__THE TASK__: From the entries, copy every line that carries the string "Apple".

(RECORD SET Opens)

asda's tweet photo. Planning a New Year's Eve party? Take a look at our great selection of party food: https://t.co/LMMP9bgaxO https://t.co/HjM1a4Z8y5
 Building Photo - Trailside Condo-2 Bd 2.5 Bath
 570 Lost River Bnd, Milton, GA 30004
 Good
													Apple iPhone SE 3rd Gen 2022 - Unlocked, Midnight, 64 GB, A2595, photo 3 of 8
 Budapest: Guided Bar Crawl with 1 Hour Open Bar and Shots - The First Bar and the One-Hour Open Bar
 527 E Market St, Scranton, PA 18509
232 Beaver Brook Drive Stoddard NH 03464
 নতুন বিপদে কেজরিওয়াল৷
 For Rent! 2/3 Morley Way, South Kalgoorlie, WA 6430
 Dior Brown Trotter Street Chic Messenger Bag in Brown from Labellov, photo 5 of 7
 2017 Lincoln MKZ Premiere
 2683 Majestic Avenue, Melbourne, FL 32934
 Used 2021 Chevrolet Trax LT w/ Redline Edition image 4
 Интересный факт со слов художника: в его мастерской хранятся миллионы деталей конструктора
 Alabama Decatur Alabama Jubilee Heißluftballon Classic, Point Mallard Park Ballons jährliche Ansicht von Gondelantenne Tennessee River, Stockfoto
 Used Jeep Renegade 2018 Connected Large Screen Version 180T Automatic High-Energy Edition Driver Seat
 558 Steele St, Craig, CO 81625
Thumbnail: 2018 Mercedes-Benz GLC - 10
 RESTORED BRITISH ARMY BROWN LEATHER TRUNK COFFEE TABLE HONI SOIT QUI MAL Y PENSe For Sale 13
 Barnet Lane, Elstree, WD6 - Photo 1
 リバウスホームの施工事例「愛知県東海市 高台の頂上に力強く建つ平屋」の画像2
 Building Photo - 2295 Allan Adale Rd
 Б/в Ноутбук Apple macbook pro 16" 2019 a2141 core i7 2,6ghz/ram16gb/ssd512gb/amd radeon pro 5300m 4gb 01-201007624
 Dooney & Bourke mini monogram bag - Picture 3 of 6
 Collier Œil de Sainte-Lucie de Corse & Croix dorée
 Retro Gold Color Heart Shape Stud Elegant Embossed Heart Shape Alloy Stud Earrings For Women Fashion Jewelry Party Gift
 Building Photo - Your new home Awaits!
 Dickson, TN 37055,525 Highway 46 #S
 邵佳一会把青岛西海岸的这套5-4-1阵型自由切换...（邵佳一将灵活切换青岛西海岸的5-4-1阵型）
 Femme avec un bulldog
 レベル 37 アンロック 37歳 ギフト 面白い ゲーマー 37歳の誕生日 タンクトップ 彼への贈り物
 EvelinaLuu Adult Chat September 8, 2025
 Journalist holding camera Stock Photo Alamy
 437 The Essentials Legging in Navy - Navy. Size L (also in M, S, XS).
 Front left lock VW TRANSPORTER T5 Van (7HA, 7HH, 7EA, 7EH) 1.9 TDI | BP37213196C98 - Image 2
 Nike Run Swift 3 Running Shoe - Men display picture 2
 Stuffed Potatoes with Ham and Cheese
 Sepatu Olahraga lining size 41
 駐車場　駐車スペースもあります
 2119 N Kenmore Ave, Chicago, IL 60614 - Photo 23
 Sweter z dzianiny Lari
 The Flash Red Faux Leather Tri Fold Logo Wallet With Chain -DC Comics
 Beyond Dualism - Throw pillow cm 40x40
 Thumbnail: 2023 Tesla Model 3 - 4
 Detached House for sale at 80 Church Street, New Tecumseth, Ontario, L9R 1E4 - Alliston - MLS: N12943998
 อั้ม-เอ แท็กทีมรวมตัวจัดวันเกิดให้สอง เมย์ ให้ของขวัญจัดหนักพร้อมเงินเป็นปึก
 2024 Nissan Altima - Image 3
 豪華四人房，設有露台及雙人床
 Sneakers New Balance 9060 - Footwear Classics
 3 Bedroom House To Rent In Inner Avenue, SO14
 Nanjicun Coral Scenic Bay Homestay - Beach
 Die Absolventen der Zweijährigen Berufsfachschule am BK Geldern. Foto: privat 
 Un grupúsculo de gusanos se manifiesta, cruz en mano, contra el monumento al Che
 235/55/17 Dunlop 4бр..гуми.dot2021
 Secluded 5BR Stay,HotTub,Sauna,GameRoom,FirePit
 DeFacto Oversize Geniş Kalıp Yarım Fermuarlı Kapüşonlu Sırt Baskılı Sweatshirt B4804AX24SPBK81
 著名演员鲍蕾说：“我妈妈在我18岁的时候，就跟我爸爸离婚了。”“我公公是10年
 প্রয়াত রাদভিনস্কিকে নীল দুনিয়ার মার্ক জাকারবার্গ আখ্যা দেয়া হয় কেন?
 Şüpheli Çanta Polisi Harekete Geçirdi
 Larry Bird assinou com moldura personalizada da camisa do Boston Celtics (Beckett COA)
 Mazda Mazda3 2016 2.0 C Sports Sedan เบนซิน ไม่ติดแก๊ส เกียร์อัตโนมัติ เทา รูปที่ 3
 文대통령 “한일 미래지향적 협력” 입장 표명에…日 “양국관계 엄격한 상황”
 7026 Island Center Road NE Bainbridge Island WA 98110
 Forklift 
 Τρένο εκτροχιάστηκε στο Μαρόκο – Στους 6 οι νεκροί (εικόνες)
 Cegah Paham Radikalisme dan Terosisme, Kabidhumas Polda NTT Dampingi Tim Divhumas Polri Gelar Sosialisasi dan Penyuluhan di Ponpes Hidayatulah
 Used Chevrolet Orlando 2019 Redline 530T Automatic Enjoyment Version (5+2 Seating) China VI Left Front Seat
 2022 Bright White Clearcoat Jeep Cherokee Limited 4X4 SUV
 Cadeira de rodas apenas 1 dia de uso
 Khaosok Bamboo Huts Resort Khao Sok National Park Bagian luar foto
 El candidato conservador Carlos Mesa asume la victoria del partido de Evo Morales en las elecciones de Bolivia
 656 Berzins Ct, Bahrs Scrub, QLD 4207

(RECORD SET Closes)

__ANSWER BELOW__:
													Apple iPhone SE 3rd Gen 2022 - Unlocked, Midnight, 64 GB, A2595, photo 3 of 8
 Б/в Ноутбук Apple macbook pro 16" 2019 a2141 core i7 2,6ghz/ram16gb/ssd512gb/amd radeon pro 5300m 4gb 01-201007624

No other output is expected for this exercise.